Soy Catálogo
















Siempre ocurre lo mismo. Generalmente dos o tres veces a la semana.

Subo a la azotea, cargo el rifle y apunto hacia la calle, buscando el desgraciado que ha intentado pasar por enésima vez la alambrada. Es suficiente echar un vistazo para saber que esa persona dejó de ser persona hace tiempo; y, entonces, lo único que se oye es un balazo seco, el tilín del casquillo 7,62 sobre el suelo y el sonido sordo de un cuerpo infecto cayendo hacia atrás. Con o sin crujido.
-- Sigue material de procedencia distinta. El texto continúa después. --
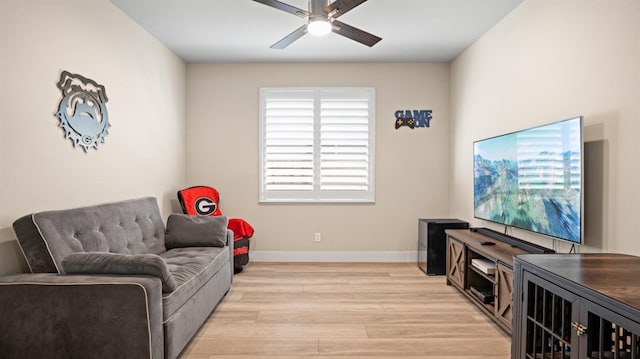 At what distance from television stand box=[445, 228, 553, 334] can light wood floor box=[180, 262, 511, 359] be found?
0.42 feet

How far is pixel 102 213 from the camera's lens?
2.79 meters

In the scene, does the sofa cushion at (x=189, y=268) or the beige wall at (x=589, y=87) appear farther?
the sofa cushion at (x=189, y=268)

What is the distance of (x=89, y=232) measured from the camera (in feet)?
8.50

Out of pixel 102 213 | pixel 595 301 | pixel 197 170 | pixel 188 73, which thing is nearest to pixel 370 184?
pixel 197 170

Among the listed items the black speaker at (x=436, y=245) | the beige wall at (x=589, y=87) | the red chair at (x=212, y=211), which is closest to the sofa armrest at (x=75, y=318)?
the red chair at (x=212, y=211)

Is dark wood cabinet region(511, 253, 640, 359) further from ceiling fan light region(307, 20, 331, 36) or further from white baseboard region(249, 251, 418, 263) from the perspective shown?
white baseboard region(249, 251, 418, 263)

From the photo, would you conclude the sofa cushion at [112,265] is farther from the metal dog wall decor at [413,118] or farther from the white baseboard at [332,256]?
the metal dog wall decor at [413,118]

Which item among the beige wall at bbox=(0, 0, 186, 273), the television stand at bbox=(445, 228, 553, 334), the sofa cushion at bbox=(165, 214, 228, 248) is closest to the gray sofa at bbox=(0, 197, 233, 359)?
the beige wall at bbox=(0, 0, 186, 273)

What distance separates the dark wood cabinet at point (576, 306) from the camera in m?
1.44

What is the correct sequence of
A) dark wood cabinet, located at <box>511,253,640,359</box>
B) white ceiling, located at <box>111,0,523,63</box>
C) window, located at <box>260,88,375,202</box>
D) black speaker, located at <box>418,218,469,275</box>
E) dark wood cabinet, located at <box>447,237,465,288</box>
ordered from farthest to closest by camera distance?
window, located at <box>260,88,375,202</box>, black speaker, located at <box>418,218,469,275</box>, dark wood cabinet, located at <box>447,237,465,288</box>, white ceiling, located at <box>111,0,523,63</box>, dark wood cabinet, located at <box>511,253,640,359</box>

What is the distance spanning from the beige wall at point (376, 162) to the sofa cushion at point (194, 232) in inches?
50.2

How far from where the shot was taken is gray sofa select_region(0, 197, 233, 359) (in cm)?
200

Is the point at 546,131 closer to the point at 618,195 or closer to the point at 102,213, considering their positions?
the point at 618,195

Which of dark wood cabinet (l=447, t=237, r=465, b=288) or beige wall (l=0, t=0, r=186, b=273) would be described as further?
dark wood cabinet (l=447, t=237, r=465, b=288) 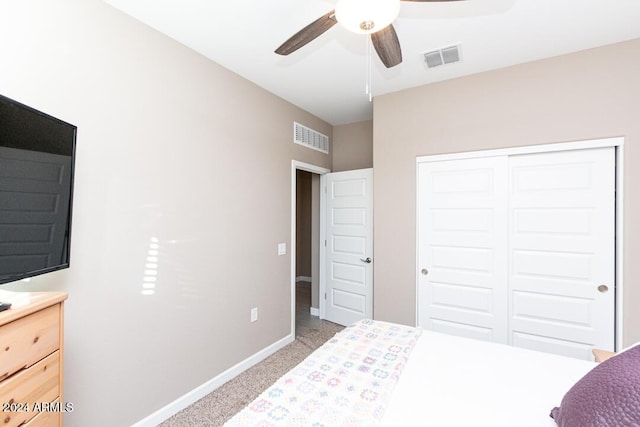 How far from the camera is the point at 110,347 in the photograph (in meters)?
1.75

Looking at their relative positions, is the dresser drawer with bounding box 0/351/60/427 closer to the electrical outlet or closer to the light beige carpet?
the light beige carpet

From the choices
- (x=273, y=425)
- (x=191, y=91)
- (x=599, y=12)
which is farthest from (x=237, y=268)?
(x=599, y=12)

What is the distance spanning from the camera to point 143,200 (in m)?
1.92

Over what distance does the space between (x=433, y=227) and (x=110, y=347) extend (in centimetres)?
274

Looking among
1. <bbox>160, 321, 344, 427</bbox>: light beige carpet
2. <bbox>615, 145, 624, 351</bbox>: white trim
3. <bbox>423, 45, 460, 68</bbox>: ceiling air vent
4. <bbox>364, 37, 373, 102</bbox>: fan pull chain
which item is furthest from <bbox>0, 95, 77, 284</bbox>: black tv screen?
<bbox>615, 145, 624, 351</bbox>: white trim

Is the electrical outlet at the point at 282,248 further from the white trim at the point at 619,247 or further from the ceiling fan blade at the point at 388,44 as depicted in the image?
the white trim at the point at 619,247

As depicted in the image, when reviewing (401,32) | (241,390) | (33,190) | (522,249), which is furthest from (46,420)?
(522,249)

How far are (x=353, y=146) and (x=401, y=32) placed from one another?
6.53 ft

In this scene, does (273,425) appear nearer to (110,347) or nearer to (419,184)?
(110,347)

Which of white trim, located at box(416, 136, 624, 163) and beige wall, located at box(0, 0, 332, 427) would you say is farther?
white trim, located at box(416, 136, 624, 163)

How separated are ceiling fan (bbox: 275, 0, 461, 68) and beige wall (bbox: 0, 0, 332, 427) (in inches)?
43.8

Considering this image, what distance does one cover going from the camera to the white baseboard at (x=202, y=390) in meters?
1.97

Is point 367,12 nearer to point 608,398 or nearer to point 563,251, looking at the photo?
point 608,398

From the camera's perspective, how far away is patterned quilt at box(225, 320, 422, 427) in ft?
3.57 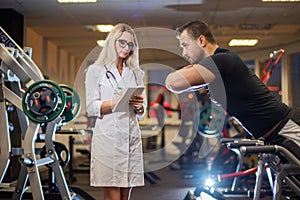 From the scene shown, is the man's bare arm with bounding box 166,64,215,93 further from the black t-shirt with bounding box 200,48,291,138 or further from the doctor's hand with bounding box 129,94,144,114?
the doctor's hand with bounding box 129,94,144,114

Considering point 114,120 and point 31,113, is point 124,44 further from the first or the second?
point 31,113

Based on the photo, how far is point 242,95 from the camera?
6.28ft

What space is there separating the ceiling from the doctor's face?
2.70 metres

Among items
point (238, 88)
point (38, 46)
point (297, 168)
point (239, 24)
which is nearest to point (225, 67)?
point (238, 88)

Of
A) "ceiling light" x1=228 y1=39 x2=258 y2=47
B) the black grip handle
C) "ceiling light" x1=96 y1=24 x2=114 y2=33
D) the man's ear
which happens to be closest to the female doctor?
the man's ear

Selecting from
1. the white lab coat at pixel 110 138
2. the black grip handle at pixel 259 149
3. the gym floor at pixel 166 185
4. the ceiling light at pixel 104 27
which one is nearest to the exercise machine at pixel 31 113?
the white lab coat at pixel 110 138

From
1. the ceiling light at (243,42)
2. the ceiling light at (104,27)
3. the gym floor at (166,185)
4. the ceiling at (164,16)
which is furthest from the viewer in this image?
the ceiling light at (243,42)

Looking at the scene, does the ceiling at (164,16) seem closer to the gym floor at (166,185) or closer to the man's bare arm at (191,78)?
the gym floor at (166,185)

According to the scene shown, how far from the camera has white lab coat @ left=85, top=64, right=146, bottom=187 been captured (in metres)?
1.97

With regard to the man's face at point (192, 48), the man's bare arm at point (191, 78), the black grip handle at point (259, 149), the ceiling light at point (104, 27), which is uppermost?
the ceiling light at point (104, 27)

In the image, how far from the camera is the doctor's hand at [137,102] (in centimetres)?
195

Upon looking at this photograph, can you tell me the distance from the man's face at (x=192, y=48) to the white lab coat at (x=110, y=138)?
35 centimetres

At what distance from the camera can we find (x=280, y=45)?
799 centimetres

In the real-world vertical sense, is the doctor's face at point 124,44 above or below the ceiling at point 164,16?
below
A veces hay ligeras variantes. En ocasiones alguien se limita a sacudir la valla o, tras haber trepado, a quedarse quieto en el sitio, mirando a su alrededor. O mirándome directamente a mi, lo cual es buena señal, pero no lo suficientemente buena. Durante esos escasos segundos que separan su incertidumbre de mi disparo tengo tiempo para valorar si el ser que ha superado el obstáculo puede ser un potencial usuario o no. Casi nunca lo es. Cada vez menos, a decir verdad.

Dejad que os diga que mi experiencia personal al respecto está sesgada, sí, pero con fundamento. Llevo cinco años repeliendo hordas de supervivientes, mutantes y otras criaturas que se agolpan contra el perímetro exterior de lo que queda de la Biblioteca Municipal. Al principio intenté ser tolerante. Dejé entrar a los que parecían más sanos, o más cuerdos, o ambas cosas. Veía cómo subían tímidamente las escaleras y penetraban en el vestíbulo. Una vez dentro, la mayoría comenzaba una exploración temblorosa, con los ojos desgranados y el cuerpo encorvado de quien teme una emboscada. En salas otrora silenciosas se oían los pasos irregulares y los gruñidos inconexos de un hambre dotada de brazos y piernas.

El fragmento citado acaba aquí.